I like the idea of smaller decoys so I can fit more in the truck bed but do not wanna sacrifice luring in big ole canadas


----------



## jkangas (Sep 28, 2011)

They are quite a bit smaller, I'd say similar to the ghg lesser size. I just bought a dozen AXF lessers and they will be perfect for early season


----------



## teamflightstoppersND (Feb 20, 2009)

You wanna post some picks next to your other decoys?


----------



## Nd3 (Sep 16, 2014)

There are some pictures on here. They are the size of the old Ghg lessers and they come with a bag and field stakes. Definitely going to kill birds. http://www.iawaterfowlers.com/52581/avi ... rs-updated


----------



## novak8806 (Jul 25, 2015)

I ordered a dozen and they are junk and missing flocking and the bag ripped trying to put a decoy away cause the bags are to small


----------



## teamflightstoppersND (Feb 20, 2009)

novak8806 said:


> I ordered a dozen and they are junk and missing flocking and the bag ripped trying to put a decoy away cause the bags are to small


Well that's disappointing.
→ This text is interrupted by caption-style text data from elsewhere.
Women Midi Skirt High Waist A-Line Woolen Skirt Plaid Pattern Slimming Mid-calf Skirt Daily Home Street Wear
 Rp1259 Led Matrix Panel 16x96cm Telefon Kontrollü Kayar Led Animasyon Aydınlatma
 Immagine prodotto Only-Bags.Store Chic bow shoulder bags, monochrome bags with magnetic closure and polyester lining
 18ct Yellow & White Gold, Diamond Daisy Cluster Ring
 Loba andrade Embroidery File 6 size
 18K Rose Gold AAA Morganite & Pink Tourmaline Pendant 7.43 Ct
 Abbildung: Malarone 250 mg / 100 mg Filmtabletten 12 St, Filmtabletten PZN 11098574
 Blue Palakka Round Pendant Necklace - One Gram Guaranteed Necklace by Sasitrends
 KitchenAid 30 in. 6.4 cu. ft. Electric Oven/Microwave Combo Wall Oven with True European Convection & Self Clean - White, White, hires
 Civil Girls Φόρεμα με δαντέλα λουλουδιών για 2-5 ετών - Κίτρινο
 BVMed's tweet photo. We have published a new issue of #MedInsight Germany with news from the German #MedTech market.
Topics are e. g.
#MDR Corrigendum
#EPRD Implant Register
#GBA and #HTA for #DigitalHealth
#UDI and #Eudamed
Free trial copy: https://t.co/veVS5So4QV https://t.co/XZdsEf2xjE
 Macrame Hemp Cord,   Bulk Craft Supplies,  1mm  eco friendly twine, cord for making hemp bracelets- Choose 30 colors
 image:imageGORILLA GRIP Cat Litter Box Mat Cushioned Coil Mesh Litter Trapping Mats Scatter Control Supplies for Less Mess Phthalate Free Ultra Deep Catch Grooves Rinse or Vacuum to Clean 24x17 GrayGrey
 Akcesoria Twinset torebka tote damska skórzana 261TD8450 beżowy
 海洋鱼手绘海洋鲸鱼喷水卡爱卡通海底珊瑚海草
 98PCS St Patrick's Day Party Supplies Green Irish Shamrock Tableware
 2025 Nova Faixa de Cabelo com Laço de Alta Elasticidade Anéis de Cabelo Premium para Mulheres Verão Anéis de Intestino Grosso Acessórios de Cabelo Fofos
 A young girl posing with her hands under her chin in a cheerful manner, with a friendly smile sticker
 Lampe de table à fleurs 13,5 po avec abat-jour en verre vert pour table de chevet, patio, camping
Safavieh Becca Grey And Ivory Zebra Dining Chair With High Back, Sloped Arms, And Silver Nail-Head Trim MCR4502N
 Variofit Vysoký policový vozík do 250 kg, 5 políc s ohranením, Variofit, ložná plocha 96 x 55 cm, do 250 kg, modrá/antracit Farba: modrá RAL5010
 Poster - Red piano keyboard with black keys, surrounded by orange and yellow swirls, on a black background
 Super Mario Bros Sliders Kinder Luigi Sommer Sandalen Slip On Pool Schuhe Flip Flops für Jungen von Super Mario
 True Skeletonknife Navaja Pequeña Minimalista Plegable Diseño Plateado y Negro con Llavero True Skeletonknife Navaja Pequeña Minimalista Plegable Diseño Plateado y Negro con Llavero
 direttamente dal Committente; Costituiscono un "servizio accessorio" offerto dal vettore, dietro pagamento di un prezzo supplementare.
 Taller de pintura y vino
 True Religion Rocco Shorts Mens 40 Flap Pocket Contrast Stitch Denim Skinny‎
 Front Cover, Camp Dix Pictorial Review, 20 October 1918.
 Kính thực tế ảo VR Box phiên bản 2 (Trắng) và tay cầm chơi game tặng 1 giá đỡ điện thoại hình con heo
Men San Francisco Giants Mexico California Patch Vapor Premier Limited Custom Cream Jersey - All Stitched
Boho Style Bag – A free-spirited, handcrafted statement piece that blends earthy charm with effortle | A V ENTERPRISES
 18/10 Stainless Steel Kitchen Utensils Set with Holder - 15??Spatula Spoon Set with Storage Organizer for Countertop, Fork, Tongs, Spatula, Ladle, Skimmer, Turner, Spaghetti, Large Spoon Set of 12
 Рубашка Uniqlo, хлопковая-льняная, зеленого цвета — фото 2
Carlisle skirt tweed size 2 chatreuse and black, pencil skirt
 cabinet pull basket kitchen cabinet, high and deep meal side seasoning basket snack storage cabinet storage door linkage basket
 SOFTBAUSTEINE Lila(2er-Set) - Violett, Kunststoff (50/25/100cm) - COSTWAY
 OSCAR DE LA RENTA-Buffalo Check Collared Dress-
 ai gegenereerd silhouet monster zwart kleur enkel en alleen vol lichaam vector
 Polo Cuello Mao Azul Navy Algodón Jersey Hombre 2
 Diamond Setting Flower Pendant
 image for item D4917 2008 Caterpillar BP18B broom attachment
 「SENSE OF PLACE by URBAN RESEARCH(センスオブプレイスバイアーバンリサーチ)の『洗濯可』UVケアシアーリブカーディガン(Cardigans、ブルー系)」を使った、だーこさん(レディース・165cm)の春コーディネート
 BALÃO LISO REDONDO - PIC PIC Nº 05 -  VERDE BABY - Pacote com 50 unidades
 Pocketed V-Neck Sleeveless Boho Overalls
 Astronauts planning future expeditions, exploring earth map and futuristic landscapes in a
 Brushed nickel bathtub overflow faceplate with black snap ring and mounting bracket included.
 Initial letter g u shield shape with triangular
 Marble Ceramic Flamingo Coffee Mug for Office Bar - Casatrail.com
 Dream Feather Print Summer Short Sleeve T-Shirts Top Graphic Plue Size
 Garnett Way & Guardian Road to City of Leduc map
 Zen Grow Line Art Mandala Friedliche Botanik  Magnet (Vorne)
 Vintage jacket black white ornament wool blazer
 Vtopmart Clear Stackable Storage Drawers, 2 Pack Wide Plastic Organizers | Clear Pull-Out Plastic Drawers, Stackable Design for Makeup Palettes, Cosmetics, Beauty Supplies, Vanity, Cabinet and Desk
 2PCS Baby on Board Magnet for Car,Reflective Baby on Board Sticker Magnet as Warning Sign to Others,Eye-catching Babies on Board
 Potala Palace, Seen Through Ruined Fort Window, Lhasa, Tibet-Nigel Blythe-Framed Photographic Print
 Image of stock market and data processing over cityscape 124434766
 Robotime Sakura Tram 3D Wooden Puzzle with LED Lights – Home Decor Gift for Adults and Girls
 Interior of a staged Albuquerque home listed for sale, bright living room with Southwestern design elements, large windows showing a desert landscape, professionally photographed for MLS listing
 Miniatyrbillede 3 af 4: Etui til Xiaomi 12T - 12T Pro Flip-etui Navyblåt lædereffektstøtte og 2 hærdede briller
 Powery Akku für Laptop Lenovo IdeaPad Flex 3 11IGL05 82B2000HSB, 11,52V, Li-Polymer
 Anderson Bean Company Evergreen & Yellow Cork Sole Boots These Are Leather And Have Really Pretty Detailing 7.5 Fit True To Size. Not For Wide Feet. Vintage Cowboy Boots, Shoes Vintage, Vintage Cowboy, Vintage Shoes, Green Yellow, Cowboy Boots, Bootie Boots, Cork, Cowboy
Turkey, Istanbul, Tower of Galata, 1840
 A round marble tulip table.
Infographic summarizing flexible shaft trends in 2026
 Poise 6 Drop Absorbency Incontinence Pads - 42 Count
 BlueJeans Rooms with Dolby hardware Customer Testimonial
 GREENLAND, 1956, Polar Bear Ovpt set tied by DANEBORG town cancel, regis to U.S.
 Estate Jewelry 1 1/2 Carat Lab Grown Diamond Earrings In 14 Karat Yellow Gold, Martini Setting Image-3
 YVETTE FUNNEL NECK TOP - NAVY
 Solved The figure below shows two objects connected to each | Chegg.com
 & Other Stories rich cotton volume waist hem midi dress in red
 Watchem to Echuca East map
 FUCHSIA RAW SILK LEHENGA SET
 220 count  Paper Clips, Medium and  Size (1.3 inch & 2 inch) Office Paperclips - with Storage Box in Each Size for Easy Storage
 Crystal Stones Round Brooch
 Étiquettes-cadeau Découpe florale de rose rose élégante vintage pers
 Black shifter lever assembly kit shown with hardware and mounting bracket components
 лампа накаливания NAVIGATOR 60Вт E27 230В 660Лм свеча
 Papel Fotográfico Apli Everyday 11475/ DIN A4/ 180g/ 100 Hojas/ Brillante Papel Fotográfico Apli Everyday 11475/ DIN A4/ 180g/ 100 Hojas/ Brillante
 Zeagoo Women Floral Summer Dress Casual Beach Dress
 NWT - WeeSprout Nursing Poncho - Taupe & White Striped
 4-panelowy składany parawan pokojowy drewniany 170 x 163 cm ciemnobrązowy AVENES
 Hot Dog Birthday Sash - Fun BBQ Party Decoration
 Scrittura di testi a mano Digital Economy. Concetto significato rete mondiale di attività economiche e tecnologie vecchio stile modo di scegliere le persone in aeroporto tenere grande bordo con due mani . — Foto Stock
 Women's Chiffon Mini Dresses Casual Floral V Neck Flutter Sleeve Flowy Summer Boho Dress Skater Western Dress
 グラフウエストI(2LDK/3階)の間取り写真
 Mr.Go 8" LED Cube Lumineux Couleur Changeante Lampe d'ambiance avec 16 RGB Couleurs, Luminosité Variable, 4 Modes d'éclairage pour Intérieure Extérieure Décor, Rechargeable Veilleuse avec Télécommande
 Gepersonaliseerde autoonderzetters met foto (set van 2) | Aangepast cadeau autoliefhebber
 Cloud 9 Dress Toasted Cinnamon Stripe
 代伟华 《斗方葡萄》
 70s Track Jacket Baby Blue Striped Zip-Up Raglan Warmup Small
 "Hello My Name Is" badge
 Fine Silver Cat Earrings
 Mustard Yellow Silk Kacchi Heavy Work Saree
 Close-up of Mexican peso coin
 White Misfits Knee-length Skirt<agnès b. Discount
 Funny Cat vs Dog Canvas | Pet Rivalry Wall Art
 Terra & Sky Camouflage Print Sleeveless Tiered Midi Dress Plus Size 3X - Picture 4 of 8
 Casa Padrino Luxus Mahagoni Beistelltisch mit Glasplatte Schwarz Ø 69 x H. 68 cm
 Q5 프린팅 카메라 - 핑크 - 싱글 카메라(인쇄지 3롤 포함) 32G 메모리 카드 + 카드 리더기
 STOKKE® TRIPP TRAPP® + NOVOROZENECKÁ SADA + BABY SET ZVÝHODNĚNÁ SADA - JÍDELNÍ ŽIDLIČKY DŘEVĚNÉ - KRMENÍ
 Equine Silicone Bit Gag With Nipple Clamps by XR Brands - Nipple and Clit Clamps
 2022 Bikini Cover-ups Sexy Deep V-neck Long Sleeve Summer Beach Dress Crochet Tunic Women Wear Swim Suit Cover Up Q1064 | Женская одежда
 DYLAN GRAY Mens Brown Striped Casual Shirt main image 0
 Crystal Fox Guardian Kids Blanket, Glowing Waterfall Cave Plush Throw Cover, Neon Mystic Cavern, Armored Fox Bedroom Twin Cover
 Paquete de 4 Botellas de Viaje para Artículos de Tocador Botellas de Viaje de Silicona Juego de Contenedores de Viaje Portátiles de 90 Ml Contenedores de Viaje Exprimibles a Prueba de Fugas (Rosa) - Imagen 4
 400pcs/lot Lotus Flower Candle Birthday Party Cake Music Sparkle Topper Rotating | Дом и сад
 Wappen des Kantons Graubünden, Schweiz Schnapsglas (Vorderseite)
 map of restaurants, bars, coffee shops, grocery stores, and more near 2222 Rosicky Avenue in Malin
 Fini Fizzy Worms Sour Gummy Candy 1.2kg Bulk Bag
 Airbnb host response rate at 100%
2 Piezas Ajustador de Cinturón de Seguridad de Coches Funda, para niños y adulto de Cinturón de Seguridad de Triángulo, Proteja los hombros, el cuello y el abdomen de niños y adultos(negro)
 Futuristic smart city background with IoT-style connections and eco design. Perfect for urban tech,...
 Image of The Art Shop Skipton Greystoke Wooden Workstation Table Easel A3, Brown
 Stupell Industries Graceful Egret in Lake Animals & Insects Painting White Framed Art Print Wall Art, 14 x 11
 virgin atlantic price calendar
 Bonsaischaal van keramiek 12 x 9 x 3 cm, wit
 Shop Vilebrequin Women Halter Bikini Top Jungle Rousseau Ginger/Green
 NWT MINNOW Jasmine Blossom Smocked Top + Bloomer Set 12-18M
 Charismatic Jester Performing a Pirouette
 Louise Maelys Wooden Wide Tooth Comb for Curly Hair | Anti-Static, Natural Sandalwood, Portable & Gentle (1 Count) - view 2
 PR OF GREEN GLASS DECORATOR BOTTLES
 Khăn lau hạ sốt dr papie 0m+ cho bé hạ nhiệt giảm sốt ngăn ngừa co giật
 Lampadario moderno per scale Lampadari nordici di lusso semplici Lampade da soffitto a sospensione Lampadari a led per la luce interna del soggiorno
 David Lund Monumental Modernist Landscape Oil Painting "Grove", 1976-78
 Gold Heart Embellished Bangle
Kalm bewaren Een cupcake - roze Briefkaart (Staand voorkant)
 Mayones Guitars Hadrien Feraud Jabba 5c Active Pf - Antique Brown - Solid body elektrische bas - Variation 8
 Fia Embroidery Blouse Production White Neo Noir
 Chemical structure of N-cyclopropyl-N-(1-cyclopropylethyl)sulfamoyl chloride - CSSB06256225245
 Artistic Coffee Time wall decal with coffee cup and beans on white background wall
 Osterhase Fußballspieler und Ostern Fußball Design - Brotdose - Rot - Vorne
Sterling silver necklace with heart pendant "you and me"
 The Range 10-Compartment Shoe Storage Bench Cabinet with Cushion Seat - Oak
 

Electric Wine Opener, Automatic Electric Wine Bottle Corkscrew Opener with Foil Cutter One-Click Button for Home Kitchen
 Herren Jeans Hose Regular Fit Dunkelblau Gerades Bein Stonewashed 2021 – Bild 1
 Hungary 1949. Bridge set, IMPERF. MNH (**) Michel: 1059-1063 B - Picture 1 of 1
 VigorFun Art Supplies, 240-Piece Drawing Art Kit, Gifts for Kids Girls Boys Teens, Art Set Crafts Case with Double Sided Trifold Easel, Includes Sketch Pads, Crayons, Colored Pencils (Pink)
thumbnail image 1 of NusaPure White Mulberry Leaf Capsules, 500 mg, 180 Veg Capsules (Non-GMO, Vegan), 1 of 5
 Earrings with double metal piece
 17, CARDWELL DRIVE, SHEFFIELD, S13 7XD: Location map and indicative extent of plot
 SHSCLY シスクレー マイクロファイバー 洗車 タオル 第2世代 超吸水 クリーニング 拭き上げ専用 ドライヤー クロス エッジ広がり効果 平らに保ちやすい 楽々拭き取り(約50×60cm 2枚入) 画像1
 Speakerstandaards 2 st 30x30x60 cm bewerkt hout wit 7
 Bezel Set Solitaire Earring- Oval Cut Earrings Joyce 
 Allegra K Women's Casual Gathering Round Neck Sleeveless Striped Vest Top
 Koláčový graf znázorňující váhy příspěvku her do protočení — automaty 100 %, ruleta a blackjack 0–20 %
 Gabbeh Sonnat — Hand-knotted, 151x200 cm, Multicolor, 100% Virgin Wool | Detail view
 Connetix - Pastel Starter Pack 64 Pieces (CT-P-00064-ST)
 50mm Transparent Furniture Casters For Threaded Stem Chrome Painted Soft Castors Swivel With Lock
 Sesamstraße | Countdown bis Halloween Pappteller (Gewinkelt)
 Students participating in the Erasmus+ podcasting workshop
I miss the old GhG lessers. Should not have sold mine.....


----------



## novak8806 (Jul 25, 2015)

Yep I ordered 10 dozen and I called avian and they offered to send me a flocking kit to touch them up and then put me on hold and was talking about me and little did they know I wasn't on hold and hear everything ....I sent then back and will never purchase a avian or zink product


----------



## Nd3 (Sep 16, 2014)

Honestly the bags they send with the avians are absolute junk. I bought a few dozen of the axf lessers and am impressed with the look. There were no defects on any of the decoys I bought. Only complaint is that the bag is cheap and to small. I used the bags they came with for some newbolds and a few dozen mallards. These lessers make the old ghg lessers look like junk imo


----------



## novak8806 (Jul 25, 2015)

Ya I had 2 bags rip trying to put the decoys in them


----------



## tman_ (Jan 5, 2012)

I have been thinking about getting some fully flocked Avians. So am I correct in saying the decoys are good just the bags suck? Or would I be better off going with Dakota fully flocked?


----------



## novak8806 (Jul 25, 2015)

Dakota without question....there néw ones are awesome


----------



## tman_ (Jan 5, 2012)

Ok I have the Dakota lesser now and really like them they are holding up nicely. Was just thinking I would mix in some avians for different poses. So what does everyone think stick with Dakotas fully flocked and just get some full sized one? Sorry for hijacking the thread.


----------



## Nd3 (Sep 16, 2014)

Don't get me wrong Dakotas will kill geese, any decoy will kill geese but when comparing the avian lessers to Dakota lessers there is no comparison as far as looks. Avians win imo hands down. Dakota has some signature series decoys out, they look ok but still not quite as realistic. Idk each to their own but I would go avian. :beer:


----------



## nodakgreen (Aug 20, 2013)

I bought a dozen of the new signature series Dakota's and also have a couple dozen of the lessers and a couple dozen of the big guys. The new signature series are an in between size between the old hard plastic big guys and the lessers, imo perfect size! They also have that new avian look to them with much more feather detail, they are pricey but worth it. And when is comes to the durability of the eva plastic you can't beat it, at all. You could drive over them with a truck the decoy would collapse and then pop back out to normal with no paint gone whatsoever and only the flocking would be affected. The best bang for your buck in durability and longevity terms Dakota's lead the markets along with the older bigfoots.


----------